Records for processing: Begin
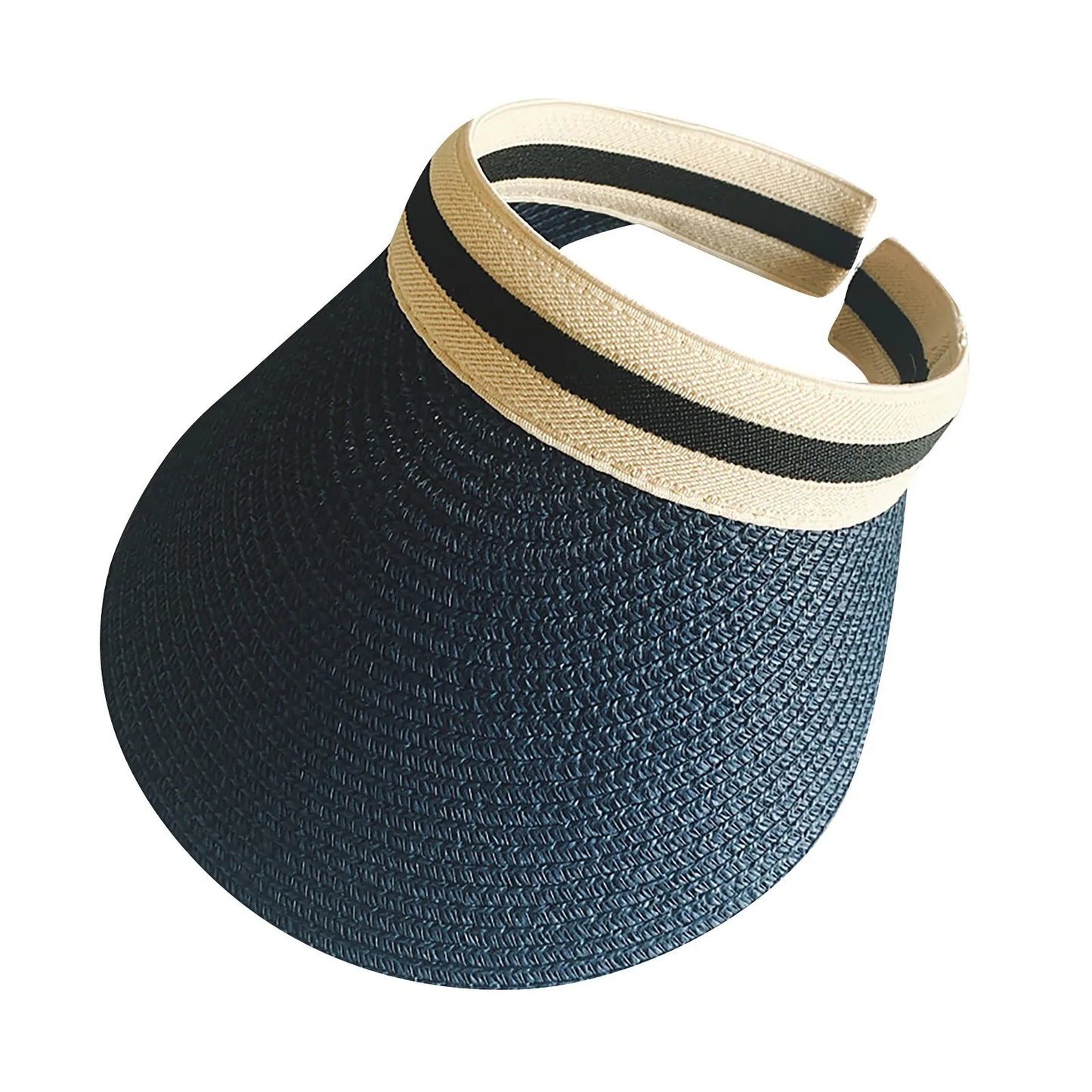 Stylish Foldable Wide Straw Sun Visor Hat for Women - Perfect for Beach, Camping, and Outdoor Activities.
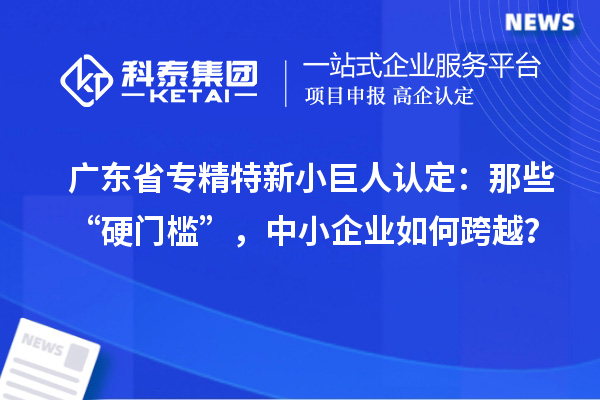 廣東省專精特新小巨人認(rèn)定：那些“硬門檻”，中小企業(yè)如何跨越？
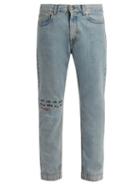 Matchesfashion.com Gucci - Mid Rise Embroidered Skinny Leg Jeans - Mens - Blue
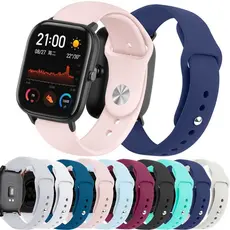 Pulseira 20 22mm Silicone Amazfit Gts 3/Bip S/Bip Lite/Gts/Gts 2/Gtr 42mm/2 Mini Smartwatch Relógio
Records for processing: End
Records for processing: Begin
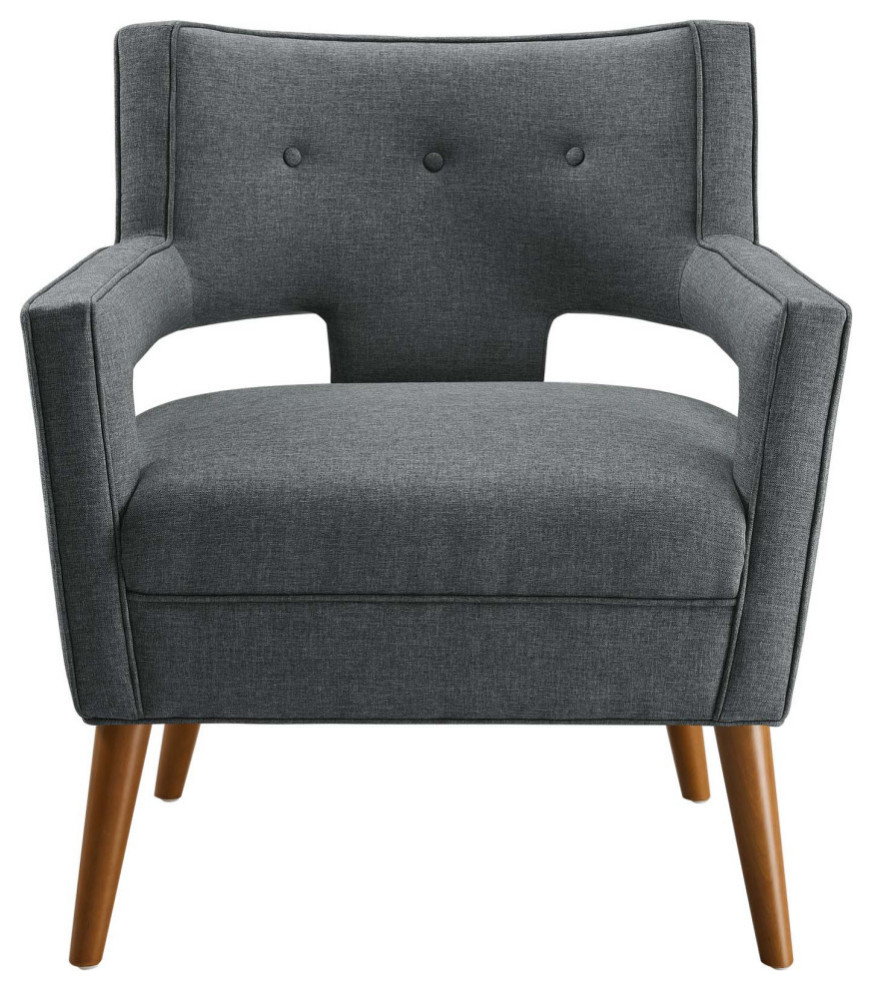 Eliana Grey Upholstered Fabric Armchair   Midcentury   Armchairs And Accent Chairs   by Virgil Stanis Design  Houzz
Records for processing: End
Records for processing: Begin
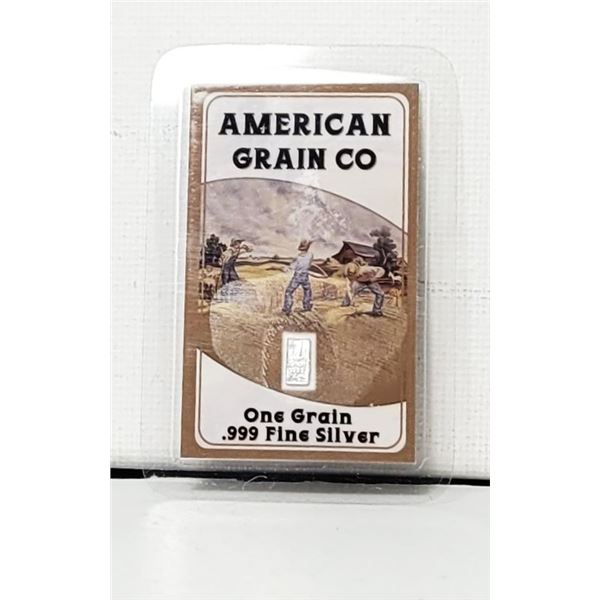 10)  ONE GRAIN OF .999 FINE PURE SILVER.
Records for processing: End
Brief:
In the listing above, find the line with "Matchesfashion.com Gucci - Mid" and the line with "Pulseira 20 22mm". Copy exactly those two and every line between, without the pictures.

Solution:
 Matchesfashion.com Gucci - Mid Rise Embroidered Skinny Leg Jeans - Mens - Blue
 Pulseira 20 22mm Silicone Amazfit Gts 3/Bip S/Bip Lite/Gts/Gts 2/Gtr 42mm/2 Mini Smartwatch Relógio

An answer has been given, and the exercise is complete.